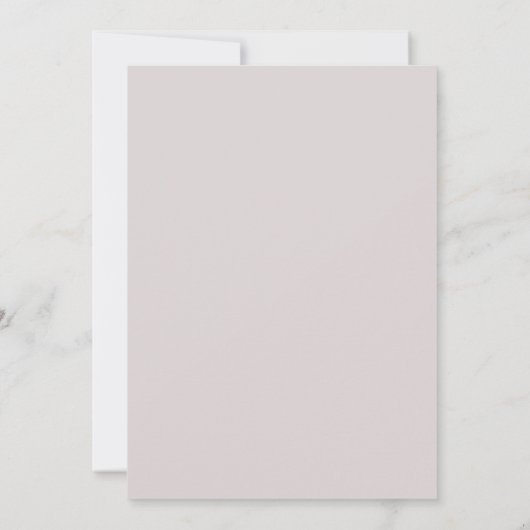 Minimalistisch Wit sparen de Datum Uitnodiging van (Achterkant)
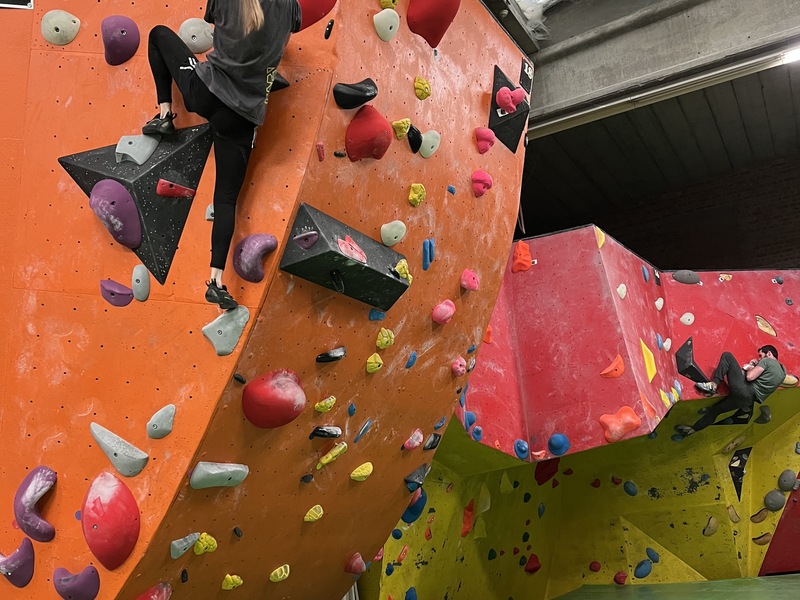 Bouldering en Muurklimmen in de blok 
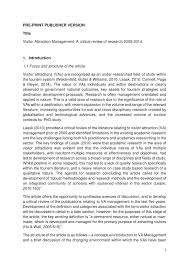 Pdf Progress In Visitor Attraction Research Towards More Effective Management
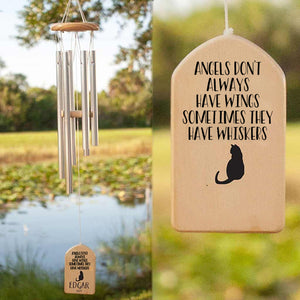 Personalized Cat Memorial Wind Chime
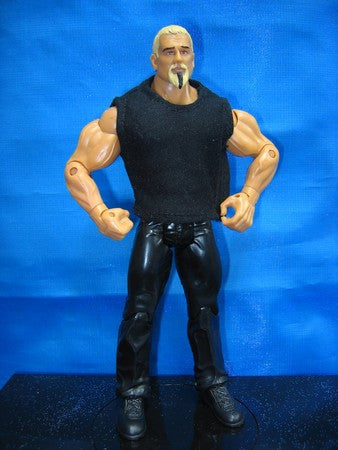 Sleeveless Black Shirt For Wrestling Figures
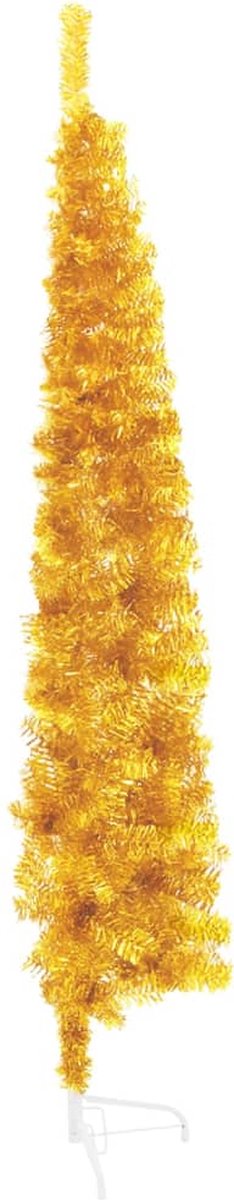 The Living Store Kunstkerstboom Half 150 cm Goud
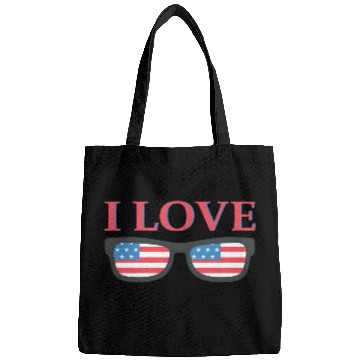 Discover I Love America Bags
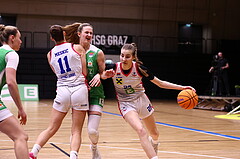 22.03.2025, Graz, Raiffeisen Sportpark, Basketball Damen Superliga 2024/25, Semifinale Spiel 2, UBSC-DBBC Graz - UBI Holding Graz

HOW TO COMPLETE THIS TASK: Return the entries verbatim, pictures excluded.

WORKED SOLUTION:
 Minimalistisch Wit sparen de Datum Uitnodiging van (Achterkant)
 Bouldering en Muurklimmen in de blok 
 Pdf Progress In Visitor Attraction Research Towards More Effective Management
 Personalized Cat Memorial Wind Chime
 Sleeveless Black Shirt For Wrestling Figures
 The Living Store Kunstkerstboom Half 150 cm Goud
 Discover I Love America Bags
 22.03.2025, Graz, Raiffeisen Sportpark, Basketball Damen Superliga 2024/25, Semifinale Spiel 2, UBSC-DBBC Graz - UBI Holding Graz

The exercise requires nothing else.